> _Task goal_
The material below holds a span beginning at the line with "Ghost Cat Meh" and ending at the line with "Staffy Mom Staffordshire". Quote that span exactly, both ends included, and only that span.

> _Records shown_
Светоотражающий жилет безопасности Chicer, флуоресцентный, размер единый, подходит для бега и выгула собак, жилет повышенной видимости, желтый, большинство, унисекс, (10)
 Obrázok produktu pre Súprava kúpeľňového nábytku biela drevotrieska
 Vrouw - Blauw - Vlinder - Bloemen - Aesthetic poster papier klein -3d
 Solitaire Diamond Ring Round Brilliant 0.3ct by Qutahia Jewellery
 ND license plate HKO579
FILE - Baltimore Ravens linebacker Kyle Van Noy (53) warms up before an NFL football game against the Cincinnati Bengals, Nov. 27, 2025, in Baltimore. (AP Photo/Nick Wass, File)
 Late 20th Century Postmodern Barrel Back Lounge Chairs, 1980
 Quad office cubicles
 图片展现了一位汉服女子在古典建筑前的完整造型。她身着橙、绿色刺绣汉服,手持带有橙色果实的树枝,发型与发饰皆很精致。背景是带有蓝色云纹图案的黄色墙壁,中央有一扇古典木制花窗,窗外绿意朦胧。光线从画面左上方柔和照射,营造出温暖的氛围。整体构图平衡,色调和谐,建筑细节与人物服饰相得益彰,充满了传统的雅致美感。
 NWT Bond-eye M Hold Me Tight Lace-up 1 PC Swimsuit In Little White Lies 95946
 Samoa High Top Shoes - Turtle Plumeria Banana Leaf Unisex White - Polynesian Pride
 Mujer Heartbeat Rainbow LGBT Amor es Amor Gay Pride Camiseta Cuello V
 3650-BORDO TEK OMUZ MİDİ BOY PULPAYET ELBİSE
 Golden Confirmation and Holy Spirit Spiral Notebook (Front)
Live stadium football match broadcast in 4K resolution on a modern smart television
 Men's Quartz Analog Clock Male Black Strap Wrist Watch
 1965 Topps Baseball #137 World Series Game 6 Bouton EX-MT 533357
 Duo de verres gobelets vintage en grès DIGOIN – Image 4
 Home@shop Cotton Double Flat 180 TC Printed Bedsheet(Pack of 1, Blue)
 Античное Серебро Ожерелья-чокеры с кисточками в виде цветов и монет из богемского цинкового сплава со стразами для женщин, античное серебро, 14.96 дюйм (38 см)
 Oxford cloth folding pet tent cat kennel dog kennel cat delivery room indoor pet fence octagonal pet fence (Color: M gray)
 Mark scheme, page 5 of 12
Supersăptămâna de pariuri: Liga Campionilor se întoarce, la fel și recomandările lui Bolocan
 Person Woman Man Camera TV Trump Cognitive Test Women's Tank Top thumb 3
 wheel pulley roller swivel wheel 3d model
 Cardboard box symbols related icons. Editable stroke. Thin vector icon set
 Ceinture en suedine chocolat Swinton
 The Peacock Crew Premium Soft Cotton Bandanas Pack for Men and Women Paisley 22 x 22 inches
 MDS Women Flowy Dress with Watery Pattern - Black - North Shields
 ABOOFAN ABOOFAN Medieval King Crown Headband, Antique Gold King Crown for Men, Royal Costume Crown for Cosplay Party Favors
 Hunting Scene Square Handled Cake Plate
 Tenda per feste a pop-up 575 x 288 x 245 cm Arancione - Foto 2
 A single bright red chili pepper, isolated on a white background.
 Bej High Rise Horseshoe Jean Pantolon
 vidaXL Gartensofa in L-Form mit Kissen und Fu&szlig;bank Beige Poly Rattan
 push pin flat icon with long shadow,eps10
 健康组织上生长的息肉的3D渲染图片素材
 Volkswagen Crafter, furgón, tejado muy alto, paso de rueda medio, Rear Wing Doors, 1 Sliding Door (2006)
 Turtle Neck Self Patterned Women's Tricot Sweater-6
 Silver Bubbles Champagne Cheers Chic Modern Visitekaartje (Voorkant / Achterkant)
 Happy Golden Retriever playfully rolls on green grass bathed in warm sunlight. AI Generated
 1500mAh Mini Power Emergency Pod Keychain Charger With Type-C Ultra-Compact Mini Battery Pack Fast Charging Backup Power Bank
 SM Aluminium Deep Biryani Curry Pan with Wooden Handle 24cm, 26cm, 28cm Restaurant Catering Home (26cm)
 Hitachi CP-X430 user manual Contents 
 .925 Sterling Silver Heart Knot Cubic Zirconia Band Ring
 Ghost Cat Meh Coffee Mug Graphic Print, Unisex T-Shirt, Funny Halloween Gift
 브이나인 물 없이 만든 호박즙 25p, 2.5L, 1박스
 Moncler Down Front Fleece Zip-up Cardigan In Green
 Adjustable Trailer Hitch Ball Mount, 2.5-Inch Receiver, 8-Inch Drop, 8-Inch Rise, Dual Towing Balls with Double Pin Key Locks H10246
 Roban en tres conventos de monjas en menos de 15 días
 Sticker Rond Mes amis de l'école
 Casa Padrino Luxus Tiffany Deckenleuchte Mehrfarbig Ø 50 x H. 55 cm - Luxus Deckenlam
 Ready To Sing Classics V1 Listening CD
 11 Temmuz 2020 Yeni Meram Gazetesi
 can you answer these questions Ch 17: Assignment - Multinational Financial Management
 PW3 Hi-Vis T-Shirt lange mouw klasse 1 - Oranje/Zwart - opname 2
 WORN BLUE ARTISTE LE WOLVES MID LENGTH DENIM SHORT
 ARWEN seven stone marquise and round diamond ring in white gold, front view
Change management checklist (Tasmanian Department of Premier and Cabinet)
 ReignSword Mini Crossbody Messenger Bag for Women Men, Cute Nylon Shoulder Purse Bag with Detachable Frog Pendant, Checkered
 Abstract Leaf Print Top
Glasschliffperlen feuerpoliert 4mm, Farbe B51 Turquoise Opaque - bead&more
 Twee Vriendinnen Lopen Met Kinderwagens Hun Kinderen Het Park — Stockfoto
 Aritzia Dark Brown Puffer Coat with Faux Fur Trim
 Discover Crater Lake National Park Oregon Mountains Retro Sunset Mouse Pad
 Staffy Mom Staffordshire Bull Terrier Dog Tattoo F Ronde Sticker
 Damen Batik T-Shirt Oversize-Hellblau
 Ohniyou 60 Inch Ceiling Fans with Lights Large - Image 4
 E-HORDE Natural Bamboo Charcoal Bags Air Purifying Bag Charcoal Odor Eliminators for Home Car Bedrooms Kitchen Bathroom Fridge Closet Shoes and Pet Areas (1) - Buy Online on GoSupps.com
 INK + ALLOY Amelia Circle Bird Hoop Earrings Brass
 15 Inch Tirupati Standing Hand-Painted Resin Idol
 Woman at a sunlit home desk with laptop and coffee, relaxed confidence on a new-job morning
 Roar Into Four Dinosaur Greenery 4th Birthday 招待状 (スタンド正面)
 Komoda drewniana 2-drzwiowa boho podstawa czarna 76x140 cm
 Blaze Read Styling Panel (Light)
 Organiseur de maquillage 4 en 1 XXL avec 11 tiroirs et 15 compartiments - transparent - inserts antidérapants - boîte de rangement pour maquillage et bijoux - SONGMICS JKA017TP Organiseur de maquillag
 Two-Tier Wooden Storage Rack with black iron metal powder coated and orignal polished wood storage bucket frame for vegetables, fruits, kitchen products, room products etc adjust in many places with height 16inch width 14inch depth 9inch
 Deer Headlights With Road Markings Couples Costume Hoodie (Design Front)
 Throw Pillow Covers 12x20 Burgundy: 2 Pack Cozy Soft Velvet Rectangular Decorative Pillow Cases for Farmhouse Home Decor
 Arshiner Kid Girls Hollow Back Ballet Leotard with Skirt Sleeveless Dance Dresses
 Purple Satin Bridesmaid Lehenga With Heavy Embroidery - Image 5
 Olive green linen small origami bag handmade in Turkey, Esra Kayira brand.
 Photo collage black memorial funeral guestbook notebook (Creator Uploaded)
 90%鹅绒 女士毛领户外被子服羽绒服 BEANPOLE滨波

> _Response area_
 Ghost Cat Meh Coffee Mug Graphic Print, Unisex T-Shirt, Funny Halloween Gift
 브이나인 물 없이 만든 호박즙 25p, 2.5L, 1박스
 Moncler Down Front Fleece Zip-up Cardigan In Green
 Adjustable Trailer Hitch Ball Mount, 2.5-Inch Receiver, 8-Inch Drop, 8-Inch Rise, Dual Towing Balls with Double Pin Key Locks H10246
 Roban en tres conventos de monjas en menos de 15 días
 Sticker Rond Mes amis de l'école
 Casa Padrino Luxus Tiffany Deckenleuchte Mehrfarbig Ø 50 x H. 55 cm - Luxus Deckenlam
 Ready To Sing Classics V1 Listening CD
 11 Temmuz 2020 Yeni Meram Gazetesi
 can you answer these questions Ch 17: Assignment - Multinational Financial Management
 PW3 Hi-Vis T-Shirt lange mouw klasse 1 - Oranje/Zwart - opname 2
 WORN BLUE ARTISTE LE WOLVES MID LENGTH DENIM SHORT
 ARWEN seven stone marquise and round diamond ring in white gold, front view
Change management checklist (Tasmanian Department of Premier and Cabinet)
 ReignSword Mini Crossbody Messenger Bag for Women Men, Cute Nylon Shoulder Purse Bag with Detachable Frog Pendant, Checkered
 Abstract Leaf Print Top
Glasschliffperlen feuerpoliert 4mm, Farbe B51 Turquoise Opaque - bead&more
 Twee Vriendinnen Lopen Met Kinderwagens Hun Kinderen Het Park — Stockfoto
 Aritzia Dark Brown Puffer Coat with Faux Fur Trim
 Discover Crater Lake National Park Oregon Mountains Retro Sunset Mouse Pad
 Staffy Mom Staffordshire Bull Terrier Dog Tattoo F Ronde Sticker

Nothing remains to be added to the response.